● **EXERCISE GOAL**:
Below this line are records; transcribe exactly the lines between the one holding "The majestic Meydan" and the one holding "Three Decorative Silver Metal Coasters", inclusive, and omit the pictures.
(SOURCE DATA)
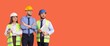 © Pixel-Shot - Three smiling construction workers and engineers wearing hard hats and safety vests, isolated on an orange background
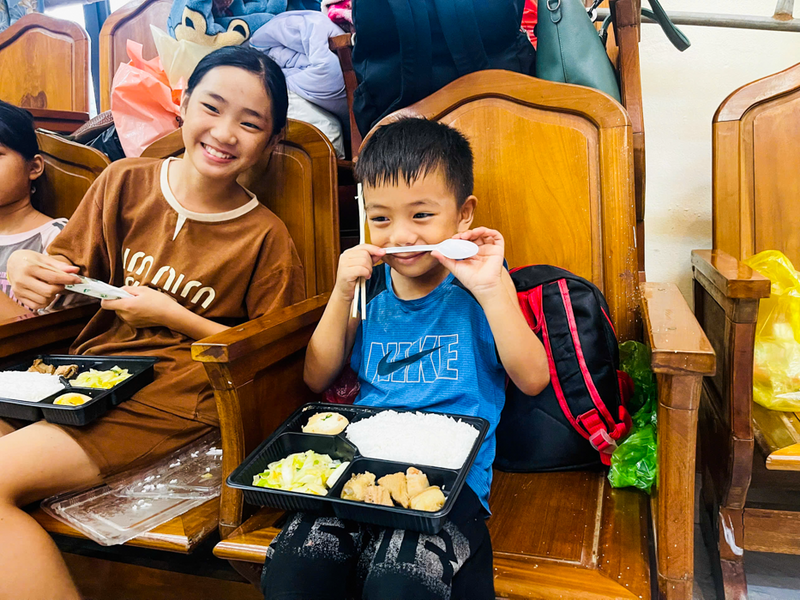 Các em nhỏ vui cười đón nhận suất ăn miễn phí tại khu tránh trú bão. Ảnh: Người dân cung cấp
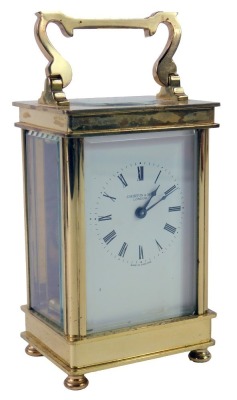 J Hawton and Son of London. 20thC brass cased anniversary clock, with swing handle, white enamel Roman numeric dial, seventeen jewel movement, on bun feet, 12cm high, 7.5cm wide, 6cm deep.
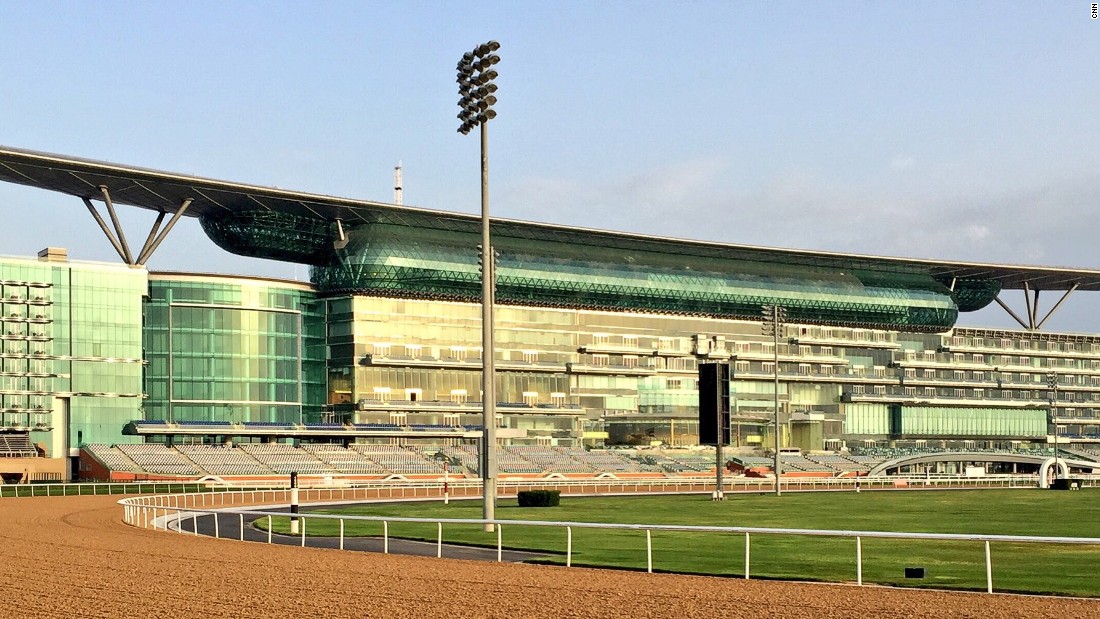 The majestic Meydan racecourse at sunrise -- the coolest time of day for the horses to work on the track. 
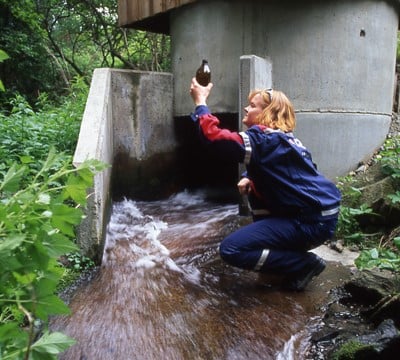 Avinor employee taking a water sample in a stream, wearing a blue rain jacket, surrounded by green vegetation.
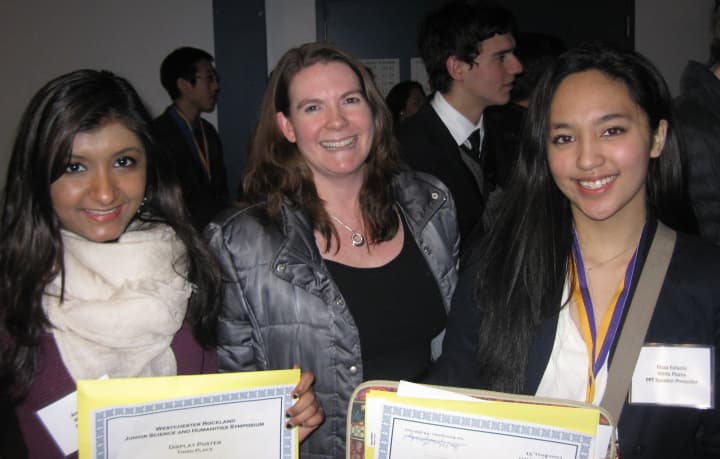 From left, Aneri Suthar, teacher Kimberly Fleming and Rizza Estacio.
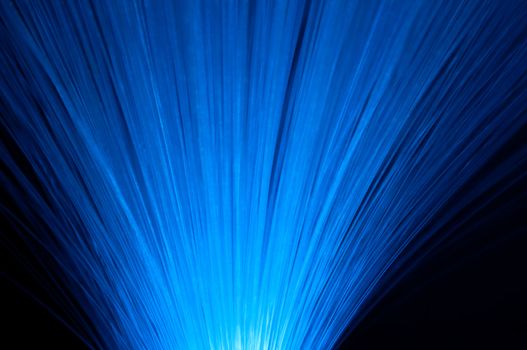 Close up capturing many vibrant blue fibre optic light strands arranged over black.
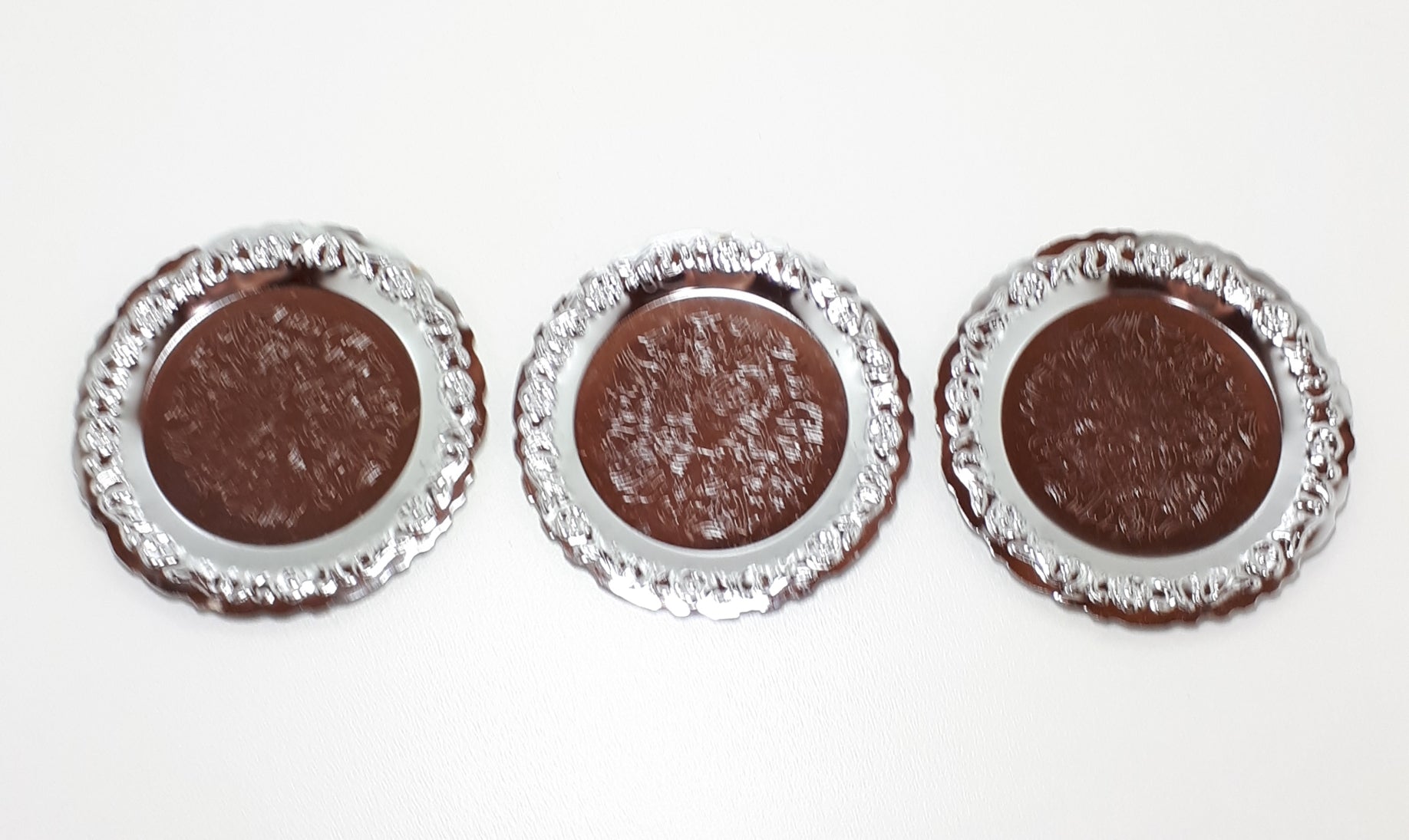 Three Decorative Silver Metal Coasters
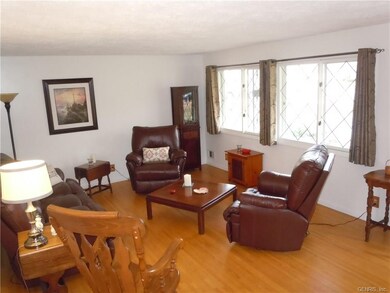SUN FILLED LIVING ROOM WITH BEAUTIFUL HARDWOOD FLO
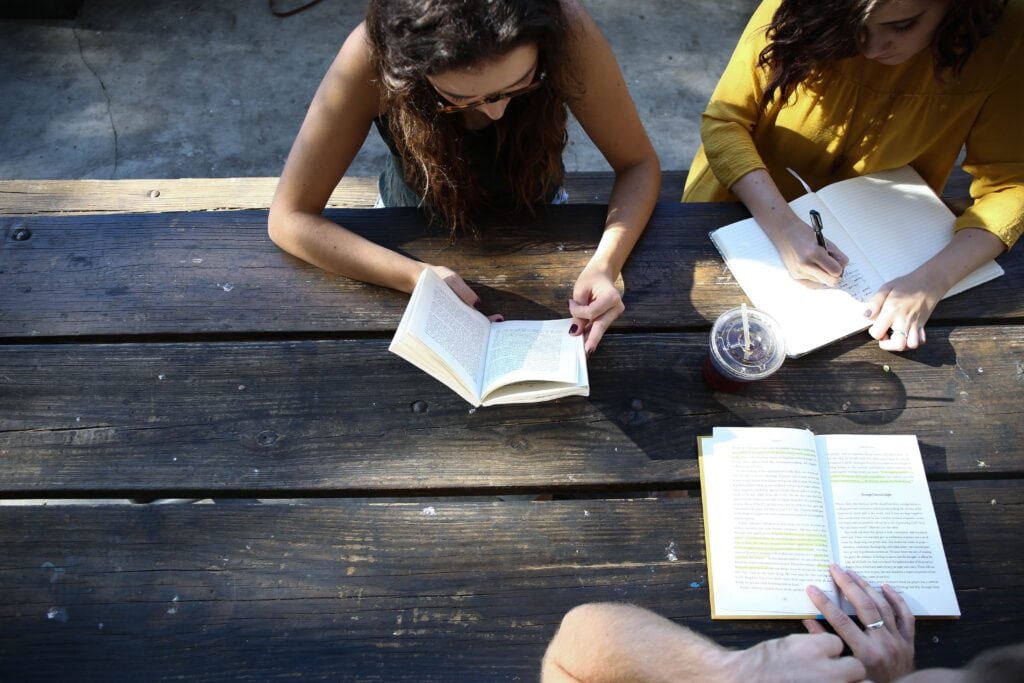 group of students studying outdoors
(End SOURCE DATA)
(SOURCE DATA)
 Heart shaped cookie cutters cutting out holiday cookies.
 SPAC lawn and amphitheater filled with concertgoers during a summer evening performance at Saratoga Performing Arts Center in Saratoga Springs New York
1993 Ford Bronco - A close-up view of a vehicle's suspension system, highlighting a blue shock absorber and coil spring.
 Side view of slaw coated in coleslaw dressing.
(End SOURCE DATA)
(SOURCE DATA)
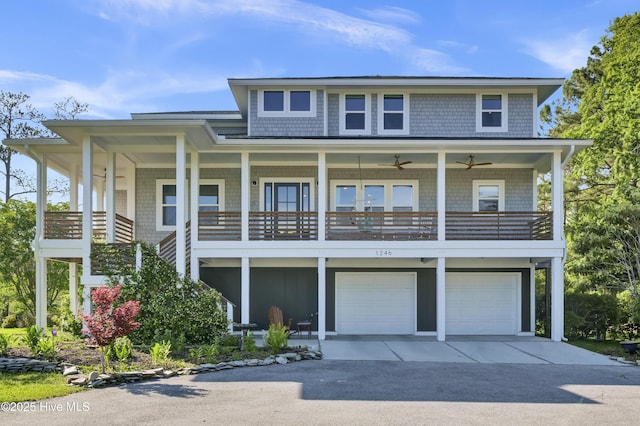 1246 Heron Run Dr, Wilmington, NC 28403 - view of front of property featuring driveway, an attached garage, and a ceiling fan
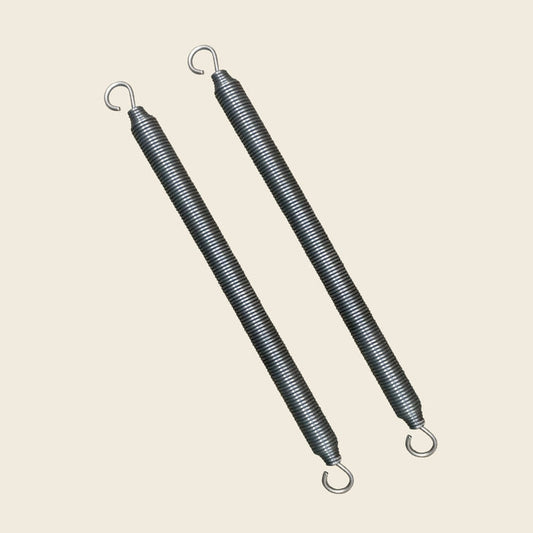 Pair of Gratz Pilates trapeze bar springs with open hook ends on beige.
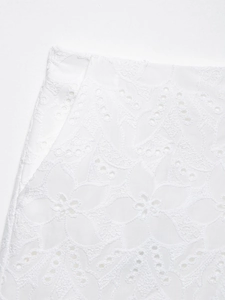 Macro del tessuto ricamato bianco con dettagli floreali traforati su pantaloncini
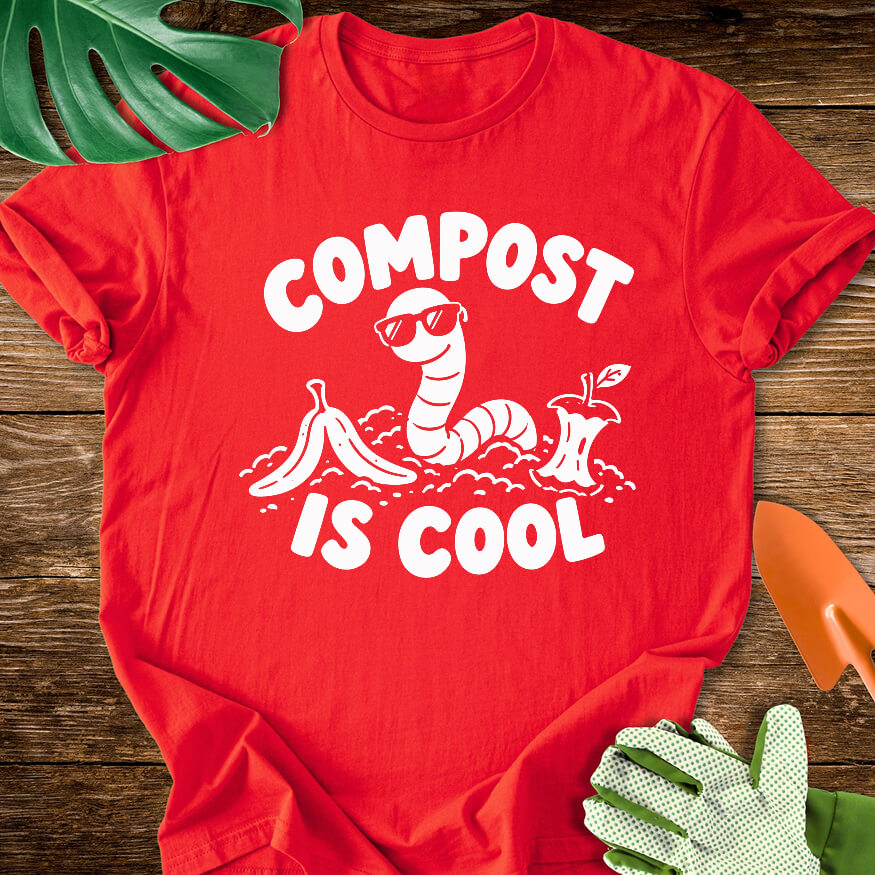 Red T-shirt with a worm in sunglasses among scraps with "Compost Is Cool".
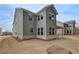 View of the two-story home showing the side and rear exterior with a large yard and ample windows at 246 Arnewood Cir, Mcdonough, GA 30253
(End SOURCE DATA)
● **RESULT FOR THIS TASK**:
 The majestic Meydan racecourse at sunrise -- the coolest time of day for the horses to work on the track. 
 Avinor employee taking a water sample in a stream, wearing a blue rain jacket, surrounded by green vegetation.
 From left, Aneri Suthar, teacher Kimberly Fleming and Rizza Estacio.
 Close up capturing many vibrant blue fibre optic light strands arranged over black.
 Three Decorative Silver Metal Coasters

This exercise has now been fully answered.